Secara empiris pentingnya hati dalam kegiatan usaha manusia dikemukakan oleh Gay Hendrick, PhD dan Kate Ludeman, PhD, konsultan manajemen senior menyatakan bahwa “pemimpin yang berhasil membawa perusahaannya ke puncak kesuksesan adalah mereka yang  memiliki integritas, terbuka, mampu menerima kritik, rendah hati, mampu memahami orang lain dengan baik, terinspirasi oleh visi, mengenal dirinya sendiri dengan baik, memiliki spiritualitas, selalu mengupayakan yang terbaik bagi dirinya dan orang lain. Para pemimpin yang sukses lebih mengamalkan nilai-nilai ruhaniyah ketimbang orang lain”. Jadi pemimpin yang berhasil memajukan perusahaannya adalah pemimpin yang memimpin dengan hatinya. Kesimpulan tersebut diambil setelah mengadakan  penelitan dari 800-an manjer perusahan yang mereka tanganni selama 25 tahun  Begitu pula Bob Galvin bercerita tentang ayahnya pendiri Motorola, “Suatu ketika ayah melihat pada sebarisan karyawan perempuan dan berfikir mereka seperti ibu saya sendiri-mereka memiliki anak-anak,  rumah yang harus dijaga, dan orang-orang yang membutuhkan mereka. Hal ini memotivasinya untuk bekerja keras agar bisa memberi mereka sebuah kehidupan  yang lebih baik karena ia melihat ibunya dalam diri seluruh karyawan perempuan itu” 5.
Dalam memimpin negara, Abu Bakr Ash-Shiddiq suksesor Rasulullah sebagai pemimpin umat, yang dipilih secara aklamasi oleh kaum muslimin, menyampaikan pidato pertamanya, setelah  diangkat sebagai khalifah: “ Saudara-saudara, Saya terpilih, meski saya bukanlah yang terbaik diantaramu. Bantulah saya jika saya berada di jalan yang benar, dan perbaiki jika saya berada di jalan yang salah.
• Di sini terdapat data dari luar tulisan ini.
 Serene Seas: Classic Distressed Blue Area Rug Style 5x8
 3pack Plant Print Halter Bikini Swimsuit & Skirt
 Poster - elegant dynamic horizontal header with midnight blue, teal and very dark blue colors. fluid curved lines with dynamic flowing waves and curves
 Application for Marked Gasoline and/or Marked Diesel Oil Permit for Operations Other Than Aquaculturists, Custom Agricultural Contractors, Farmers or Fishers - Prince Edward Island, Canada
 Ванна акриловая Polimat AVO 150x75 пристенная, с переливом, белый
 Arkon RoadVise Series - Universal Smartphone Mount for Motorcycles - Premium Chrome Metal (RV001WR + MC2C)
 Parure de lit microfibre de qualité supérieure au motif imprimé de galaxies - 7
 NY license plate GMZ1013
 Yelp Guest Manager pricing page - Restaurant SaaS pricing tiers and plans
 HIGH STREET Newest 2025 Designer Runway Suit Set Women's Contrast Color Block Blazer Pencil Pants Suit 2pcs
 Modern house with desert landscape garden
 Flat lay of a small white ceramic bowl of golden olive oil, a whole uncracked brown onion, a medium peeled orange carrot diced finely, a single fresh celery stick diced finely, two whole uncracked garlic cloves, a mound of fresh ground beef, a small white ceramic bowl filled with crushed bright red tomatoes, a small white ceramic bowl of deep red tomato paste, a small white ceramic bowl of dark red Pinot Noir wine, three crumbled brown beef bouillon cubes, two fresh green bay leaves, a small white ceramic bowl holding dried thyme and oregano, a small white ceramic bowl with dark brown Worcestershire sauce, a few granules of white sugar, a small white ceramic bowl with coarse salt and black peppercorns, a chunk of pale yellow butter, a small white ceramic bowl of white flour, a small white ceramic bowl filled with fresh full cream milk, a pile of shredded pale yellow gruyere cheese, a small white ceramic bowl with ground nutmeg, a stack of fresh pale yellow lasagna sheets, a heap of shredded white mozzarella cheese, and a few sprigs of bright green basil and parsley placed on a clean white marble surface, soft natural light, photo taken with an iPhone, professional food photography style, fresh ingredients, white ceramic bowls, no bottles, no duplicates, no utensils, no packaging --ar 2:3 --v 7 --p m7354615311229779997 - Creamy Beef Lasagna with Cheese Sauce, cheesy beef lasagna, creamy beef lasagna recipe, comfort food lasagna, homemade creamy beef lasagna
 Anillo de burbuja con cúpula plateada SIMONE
Kebenaran adalah kepercayaan; kesalahan adalah suatu pengkhianatan. Orang yang lemah diantaramu akan menjadi terkuat dihadapanku, sampai aku menunaikan hak-haknya. Sedangkan orang yang kuat diantaramu, aku anggap terlemah, sampai aku dapat mengambil hak si lemah dari tangannya. Patuhilah aku selama aku taat pada  Allah dan Rasulnya”6. Ungkapan Abu Bakar tersebut merupakan salah satu contoh dari ungkapan seorang negarawan yang memimpin dengan hati. 
Dari uraian diatas nampak jelas, baik secara normatif maupun empirik, hati memiliki peranan yang sangat menentukan bagi kehidupan manusia. Karena kata hati merupakan kata yang suci dan Ilahi, yang dapat membimbing manusia pada kebenaran yang sejati.

Hakikat Batiniah Hati7

Dalam ma’na batiniah, hati  pada hakekatnya merupakan  sumber cahaya, inspirasi, kreativitas, dan belas kasih. Seorang guru sufi menuturkan, “jika kata-kata berasal dari hati, ia kan masuk kedalam hati, tetapi jika keluar dari lisan , maka ia hanya sekedar melewati pendengaran”.
Kita dapat membuka mata dan telinga hati untuk merasakan lebih dalam realitas-realitas batiniah yang tersembunyi di balik dunia material yang kompleks. Seorang guru sufi bertutur: “Hati memiliki mata yang digunakan untuk menikmati pemandangan alam ghaib, telinga untuk mendengar perkataan penghuni alam ghaib dan firman Tuhan, hidung untuk mencium wewangian yang ghaib dan mulut untuk merasakan cinta, manisnya keimanan, serta harumnya pengetahuan spiritual.
Hati adalah sebuah rumah yang ditempatkan Tuhan di dalam diri manusia, sebuah tempat untuk menampung percikan Illahi di dalam diri kita. Dalam sebuah hadits terkenal Allah berkata:”Aku yang tak cukup ditampung oleh langit dan bumi melainkan tertampung di dalam hati seorang beriman yang tulus”. Kuil didalam diri kita lebih berharga daripada kuil tersuci sekalipun di muka bumi ini. Maka jika kita melukai hati manusia, dosanya lebih besar daripada merusak tempat-tempat suci di dunia ini.
Untuk itu, haruslah menyadari bahwa hati setiap orang yang kita temui adalah kuil Tuhan. Banyak hati yang telah terlukai, dan kita dapat melayani ciptaan Allah tersebut dengan berusaha menyembuhkan hati-hati yang terluka. Sebagaimana dituturkan seorang guru sufi Anshori: “Semakin kita mencinta, semakin kita membuka hati kita”. Tindakan tanpa disertai cinta dan niat hati yang tulus, sama sekali tidak bermakna.
Banyak diantara kita membiarkan  pemujaan terhadap berhala-berhala dunia seperti kenikmatan duniawi yang sementara, ketenaran,uang, dan kekuasaan, memasuki hati kita. Oleh karena itu salah satu amalan penting adalah mengulang-ulang kata “Laa ilaaha illallah” (Tiada Tuhan selain Allah). Kedisiplinan untuk mengulang-ulang kata tersebut adalah untuk membersihkan hati agar benar-benar menjadi kuil yang pantas bagi kehadiran Illahi.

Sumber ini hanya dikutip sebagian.